If you experience debilitating menstrual cramps, as I do, then I'm sure you remember the first time they started and the constant struggle you've had in learning to cope with them. I've been trying to take my own pain away since age 12, and it hasn't looked pretty.
It's been a lot of missed work, sleepless nights, tears of desperation, and a couple of memorable hospital trips. I have tried so many things I've lost count of what I've tried. I even have a closet full of half-empty supplement bottles to show for it. In my countless efforts to find relief, I've found that bringing it back to the basics has helped me cope the most. I'm not going to lie and say that I don't have pain anymore, but I've found these really simple strategies helpful, and I wish I had known about them sooner.
1. Go to sleep.
I know that sounds crazy because the pain can make it impossible to sleep, but what I mean to say is get regular sleep before your period. You know you already want to nap all of the time before your period because of our trusty friend progesterone! Progesterone is the driving hormone in the second half of your cycle (after you ovulate), and it has been shown to promote and maintain sleep. But even better than sleeping before your period, make sleep a priority all of the time. Regular sleep means going to sleep and waking up at the same time every day. When you have a predictable circadian rhythm, you produce optimal amounts of melatonin. Melatonin is an antioxidant, analgesic, and anti-inflammatory. Those are all actions you want for your uterus when you have a scalding hot-water bottle pressed against your pelvis and there's no relief in sight.

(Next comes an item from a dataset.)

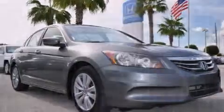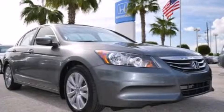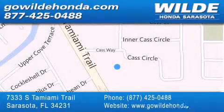Contact us today and schedule your opportunity to see this automobile in person. Wild Honda is located at 7333 South Tamiami Trail in Sarasota. Also shop GoWildHonda.com. It's got to be wild!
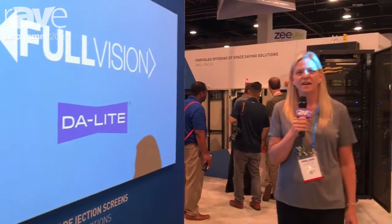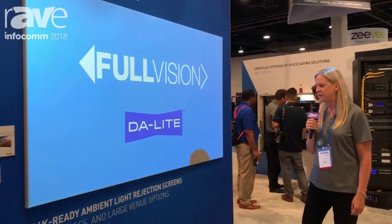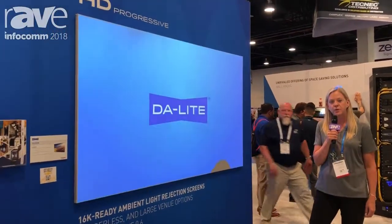Hi, this is Wendy Cox, Director of Product Management for Daylight, a brand of Legrand's AV Division. Today I'm going to tell you a little bit about our newest fixed frame screen, which is called the Full Vision.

2. Say goodbye to caffeine for a minute.
You've just spent the night awake in pain, and now I'm taking away your coffee? It seems cruel, but trust me, it helps. Caffeine can be found in pain-relieving medications (like Midol) but it's not necessarily your friend when it comes to period cramps. It turns out, period pain may be more common in coffee drinkers than non-coffee drinkers. Think about this: Caffeine is a vasoconstrictor (it constricts your blood vessels), which means decreased blood flow to your uterus. Reduced blood flow means reduced oxygen, which means muscle spasms, which means pain. I, too, love a good cup of joe in the morning, but I've found I do better when I give it up a few days before my period and during. You can have it again afterward, of course!
3. Eat nuts, seeds, and chocolate.
What do they all have in common besides being a delicious trail mix all together? They decrease prostaglandins, which are fatty acids and hormone copycats that cause uterine contractions, pain, and inflammation. Chocolate wants to heal our pain soooo badly, so let's just let it! Make it dark chocolate (it's rich in magnesium) and add some almonds, walnuts, sunflower seeds, sesame seeds, pumpkin seeds, and flax seeds for the ultimate anti-inflammatory snack.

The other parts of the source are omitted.